The thing about the works of Albert Camus is that they never age,
they're never out of step or irrelevant to the times they're being
read in. When first published in 1947, The Plague was read as
a metaphysical novel with the plague being a symbol of the German
occupation of France during the Second World War. It can still be
read this way, I guess, just as it can still be read as a
straightforward narrative but this is 2017 and we're all living in a
new age where a vote on membership of the European Union has led to
Britain being delivered on a plate to the hard Right and where in
America a sleazebag, millionaire, sexual predator has been made President. Both
of these events, particularly the latter, begs the question: Are we
living in neo-Fascist times?
There's a lot going on in The Plague and though some of it is
unambiguous, most of it is subtext and between the lines, most
notably the pursuing of some of the common themes found in other
books by Camus such as the question of suicide. At one point, Camus
describes a sermon as delivered by a preacher in the midst of the
epidemic: 'If the chronicles of the Black death at Marseille were
to be trusted, only four of the eighty-one monks in the Mercy
Monastery survived the epidemic, and of these four three took flight.
But when he read that chronicle, Father Paneloux had found his
thoughts fixed on that monk who had stayed on by himself, despite the
death of his seventy-one companions, and, above all, despite the
example of his three brothers who had fled. And, bringing down his
fist on the edge of the pulpit, Father Paneloux cried in a ringing
voice: 'My brothers, each one of us must be the one who stays!.'
If, as suggested by another character in the book that plague is
'just life, no more than that', then what the preacher is
alluding to is that one should not try to escape from life but to
remain within it. Suicide is not legitimate.
At another point in the book, Camus describes another character
reading what is taken to be a detective novel: 'I was thinking of
people who took an interest in you only to make trouble for you. Only
I've been reading that detective story. It's about a poor devil who's
arrested one fine morning all of a sudden. People had been taking an
interest in him and he knew nothing about it. They were talking about
him and he knew nothing about it. They were talking about him in
offices, entering his name on card-indexes. Now do you think that's
fair? Do you think people have a right to treat a man like that?'
Detective story? Is Camus talking about Franz Kafka's The Trial here?
Elsewhere in the book, another character describes a conversation
overheard in a tobacconist's shop one day: 'An animated
conversation was in progress and the woman behind the counter started
airing her views about a murder case which had created some stir in
Algiers. A young commercial employee had killed an Algerian on a
beach. 'I always say,' the woman began 'If they clapped all that scum
in jail, decent folks could breathe more freely.'
Clearly, this is in reference to one of Camus' own books, The
Stranger. All these things (and more), however, are academic and for
students of philosophy and literature to pore over because we're all
now living in a new age and what's of greater interest (to me, at
least) is the symbolism of plague to the election of President Donald
Trump.
Since Trump's election victory there's been much talk about Fascism
and whether we'd recognise it if it arrived tomorrow? It's a good
question because Fascism is not going to come knocking at our door in
jackboots, Sieg Heiling, with a Swastika on its sleeve. No, it would
come in another form. In a suit and tie, probably, but just as ugly.

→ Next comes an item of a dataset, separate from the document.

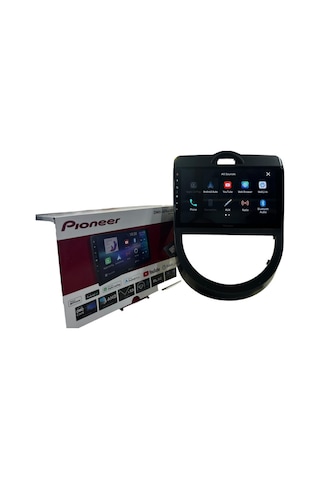 Kia Soul 2010-2013 Pioneer 4-64 Tam Profesyonel Oem Multimedia 9"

And would it announce itself to be Fascist and wear the name like a
badge of honour? Of course it wouldn't. So how would we know of its
arrival or if, as suggested by some, that it's arrived already with
Trump? The answer is that we wouldn't.
Like the rats appearing in Camus' novel, the signs would be there but
we wouldn't pay them much attention. We would turn a blind eye and
put up with the inconveniences until such a time that the truth is
just too discomforting to ignore but by then it would be too late and
plague/Fascism would have taken hold.
In Camus' book, when the town's gates are closed and a ban put in
place to prohibit people entering and leaving, consternation ensues
as people suddenly find themselves cut off from their families and
loved ones. The situation is made worse by actually closing the gates
some hours before the official order is made known to the public. The
similarities to Trump’s Muslim travel ban and the subsequent chaos
that ensued at airports is strikingly similar.
What Trump did that day was cruel and inept, serving as a warning
shot of what his Presidency was going to be like. The subsequent
protests triggered by the ban served, however, as an inspiration and
as a sign of what might be expected as a response to such actions. Or
as Camus puts it: 'What's true of all the evils in the world is
true of plague as well. It helps men to rise above themselves. All
the same, when you see the misery it brings, you'd need to be a
madman, or a coward, or stone blind, to give in tamely to the
plague.'
Elsewhere in the book, Camus contemplates what the future might hold
if the epidemic spreads: 'We may see again the Saturnalia of
Milan, men and women dancing round graves,' he writes.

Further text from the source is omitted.